*** Opening PROVIDED ENTRIES ***
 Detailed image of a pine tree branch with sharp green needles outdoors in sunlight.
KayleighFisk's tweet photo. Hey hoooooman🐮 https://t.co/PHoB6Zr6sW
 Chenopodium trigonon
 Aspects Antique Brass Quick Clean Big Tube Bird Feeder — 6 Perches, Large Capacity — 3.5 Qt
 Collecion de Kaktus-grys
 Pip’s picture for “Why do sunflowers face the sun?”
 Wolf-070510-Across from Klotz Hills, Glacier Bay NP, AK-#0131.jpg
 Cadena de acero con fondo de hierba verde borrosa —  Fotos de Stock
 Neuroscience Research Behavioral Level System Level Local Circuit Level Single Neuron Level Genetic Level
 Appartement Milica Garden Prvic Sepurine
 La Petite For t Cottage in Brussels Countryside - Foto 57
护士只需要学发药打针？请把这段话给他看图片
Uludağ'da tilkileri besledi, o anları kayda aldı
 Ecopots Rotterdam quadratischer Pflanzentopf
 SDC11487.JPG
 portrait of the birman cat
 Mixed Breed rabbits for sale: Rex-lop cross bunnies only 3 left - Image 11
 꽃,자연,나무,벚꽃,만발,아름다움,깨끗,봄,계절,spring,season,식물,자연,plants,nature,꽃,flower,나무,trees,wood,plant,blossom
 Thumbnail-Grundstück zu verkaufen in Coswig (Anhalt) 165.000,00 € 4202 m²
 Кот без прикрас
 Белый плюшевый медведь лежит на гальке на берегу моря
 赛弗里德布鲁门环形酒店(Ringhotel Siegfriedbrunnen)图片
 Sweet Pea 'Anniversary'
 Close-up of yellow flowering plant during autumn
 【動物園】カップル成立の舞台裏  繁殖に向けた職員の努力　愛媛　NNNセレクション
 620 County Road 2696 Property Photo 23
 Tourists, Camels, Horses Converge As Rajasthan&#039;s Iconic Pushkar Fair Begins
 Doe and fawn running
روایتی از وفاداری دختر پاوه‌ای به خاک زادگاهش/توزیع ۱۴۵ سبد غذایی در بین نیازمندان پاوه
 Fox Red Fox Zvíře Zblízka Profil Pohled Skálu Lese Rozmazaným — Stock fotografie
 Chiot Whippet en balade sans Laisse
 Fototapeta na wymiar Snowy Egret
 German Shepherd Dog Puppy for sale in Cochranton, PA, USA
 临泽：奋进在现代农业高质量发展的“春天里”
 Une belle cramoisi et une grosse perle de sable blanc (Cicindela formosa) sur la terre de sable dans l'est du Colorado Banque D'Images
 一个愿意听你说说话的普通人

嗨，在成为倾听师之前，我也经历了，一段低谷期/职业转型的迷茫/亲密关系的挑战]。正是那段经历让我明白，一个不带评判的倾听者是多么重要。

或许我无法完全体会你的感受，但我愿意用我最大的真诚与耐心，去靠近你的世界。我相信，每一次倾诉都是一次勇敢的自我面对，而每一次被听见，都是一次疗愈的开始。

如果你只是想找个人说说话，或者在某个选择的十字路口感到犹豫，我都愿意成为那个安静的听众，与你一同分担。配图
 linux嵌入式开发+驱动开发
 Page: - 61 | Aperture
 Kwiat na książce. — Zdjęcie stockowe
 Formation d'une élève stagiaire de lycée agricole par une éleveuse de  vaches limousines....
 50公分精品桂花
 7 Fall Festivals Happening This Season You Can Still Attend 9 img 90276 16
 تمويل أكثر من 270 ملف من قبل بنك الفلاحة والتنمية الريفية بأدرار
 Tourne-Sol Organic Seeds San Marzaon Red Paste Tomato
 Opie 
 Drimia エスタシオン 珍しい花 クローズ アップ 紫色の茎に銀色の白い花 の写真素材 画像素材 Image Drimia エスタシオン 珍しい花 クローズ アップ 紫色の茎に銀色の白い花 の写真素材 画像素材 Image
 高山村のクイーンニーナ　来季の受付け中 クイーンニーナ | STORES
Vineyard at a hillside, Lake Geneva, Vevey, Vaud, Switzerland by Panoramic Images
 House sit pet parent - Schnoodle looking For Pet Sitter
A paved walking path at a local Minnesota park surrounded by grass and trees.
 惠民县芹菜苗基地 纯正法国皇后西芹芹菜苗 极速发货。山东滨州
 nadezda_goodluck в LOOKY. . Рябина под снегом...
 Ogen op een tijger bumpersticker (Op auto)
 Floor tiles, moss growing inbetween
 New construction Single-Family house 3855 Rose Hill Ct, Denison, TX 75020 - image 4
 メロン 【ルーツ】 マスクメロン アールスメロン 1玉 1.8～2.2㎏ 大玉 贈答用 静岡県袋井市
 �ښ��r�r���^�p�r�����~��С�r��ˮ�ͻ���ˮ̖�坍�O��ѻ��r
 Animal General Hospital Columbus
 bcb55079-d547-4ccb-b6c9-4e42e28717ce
*** Closing PROVIDED ENTRIES ***
» WHAT TO DO
Copy all the records exactly so that no character differs from the source.

» OUTPUT
 Detailed image of a pine tree branch with sharp green needles outdoors in sunlight.
KayleighFisk's tweet photo. Hey hoooooman🐮 https://t.co/PHoB6Zr6sW
 Chenopodium trigonon
 Aspects Antique Brass Quick Clean Big Tube Bird Feeder — 6 Perches, Large Capacity — 3.5 Qt
 Collecion de Kaktus-grys
 Pip’s picture for “Why do sunflowers face the sun?”
 Wolf-070510-Across from Klotz Hills, Glacier Bay NP, AK-#0131.jpg
 Cadena de acero con fondo de hierba verde borrosa —  Fotos de Stock
 Neuroscience Research Behavioral Level System Level Local Circuit Level Single Neuron Level Genetic Level
 Appartement Milica Garden Prvic Sepurine
 La Petite For t Cottage in Brussels Countryside - Foto 57
护士只需要学发药打针？请把这段话给他看图片
Uludağ'da tilkileri besledi, o anları kayda aldı
 Ecopots Rotterdam quadratischer Pflanzentopf
 SDC11487.JPG
 portrait of the birman cat
 Mixed Breed rabbits for sale: Rex-lop cross bunnies only 3 left - Image 11
 꽃,자연,나무,벚꽃,만발,아름다움,깨끗,봄,계절,spring,season,식물,자연,plants,nature,꽃,flower,나무,trees,wood,plant,blossom
 Thumbnail-Grundstück zu verkaufen in Coswig (Anhalt) 165.000,00 € 4202 m²
 Кот без прикрас
 Белый плюшевый медведь лежит на гальке на берегу моря
 赛弗里德布鲁门环形酒店(Ringhotel Siegfriedbrunnen)图片
 Sweet Pea 'Anniversary'
 Close-up of yellow flowering plant during autumn
 【動物園】カップル成立の舞台裏  繁殖に向けた職員の努力　愛媛　NNNセレクション
 620 County Road 2696 Property Photo 23
 Tourists, Camels, Horses Converge As Rajasthan&#039;s Iconic Pushkar Fair Begins
 Doe and fawn running
روایتی از وفاداری دختر پاوه‌ای به خاک زادگاهش/توزیع ۱۴۵ سبد غذایی در بین نیازمندان پاوه
 Fox Red Fox Zvíře Zblízka Profil Pohled Skálu Lese Rozmazaným — Stock fotografie
 Chiot Whippet en balade sans Laisse
 Fototapeta na wymiar Snowy Egret
 German Shepherd Dog Puppy for sale in Cochranton, PA, USA
 临泽：奋进在现代农业高质量发展的“春天里”
 Une belle cramoisi et une grosse perle de sable blanc (Cicindela formosa) sur la terre de sable dans l'est du Colorado Banque D'Images
 一个愿意听你说说话的普通人

嗨，在成为倾听师之前，我也经历了，一段低谷期/职业转型的迷茫/亲密关系的挑战]。正是那段经历让我明白，一个不带评判的倾听者是多么重要。

或许我无法完全体会你的感受，但我愿意用我最大的真诚与耐心，去靠近你的世界。我相信，每一次倾诉都是一次勇敢的自我面对，而每一次被听见，都是一次疗愈的开始。

如果你只是想找个人说说话，或者在某个选择的十字路口感到犹豫，我都愿意成为那个安静的听众，与你一同分担。配图
 linux嵌入式开发+驱动开发
 Page: - 61 | Aperture
 Kwiat na książce. — Zdjęcie stockowe
 Formation d'une élève stagiaire de lycée agricole par une éleveuse de  vaches limousines....
 50公分精品桂花
 7 Fall Festivals Happening This Season You Can Still Attend 9 img 90276 16
 تمويل أكثر من 270 ملف من قبل بنك الفلاحة والتنمية الريفية بأدرار
 Tourne-Sol Organic Seeds San Marzaon Red Paste Tomato
 Opie 
 Drimia エスタシオン 珍しい花 クローズ アップ 紫色の茎に銀色の白い花 の写真素材 画像素材 Image Drimia エスタシオン 珍しい花 クローズ アップ 紫色の茎に銀色の白い花 の写真素材 画像素材 Image
 高山村のクイーンニーナ　来季の受付け中 クイーンニーナ | STORES
Vineyard at a hillside, Lake Geneva, Vevey, Vaud, Switzerland by Panoramic Images
 House sit pet parent - Schnoodle looking For Pet Sitter
A paved walking path at a local Minnesota park surrounded by grass and trees.
 惠民县芹菜苗基地 纯正法国皇后西芹芹菜苗 极速发货。山东滨州
 nadezda_goodluck в LOOKY. . Рябина под снегом...
 Ogen op een tijger bumpersticker (Op auto)
 Floor tiles, moss growing inbetween
 New construction Single-Family house 3855 Rose Hill Ct, Denison, TX 75020 - image 4
 メロン 【ルーツ】 マスクメロン アールスメロン 1玉 1.8～2.2㎏ 大玉 贈答用 静岡県袋井市
 �ښ��r�r���^�p�r�����~��С�r��ˮ�ͻ���ˮ̖�坍�O��ѻ��r
 Animal General Hospital Columbus
 bcb55079-d547-4ccb-b6c9-4e42e28717ce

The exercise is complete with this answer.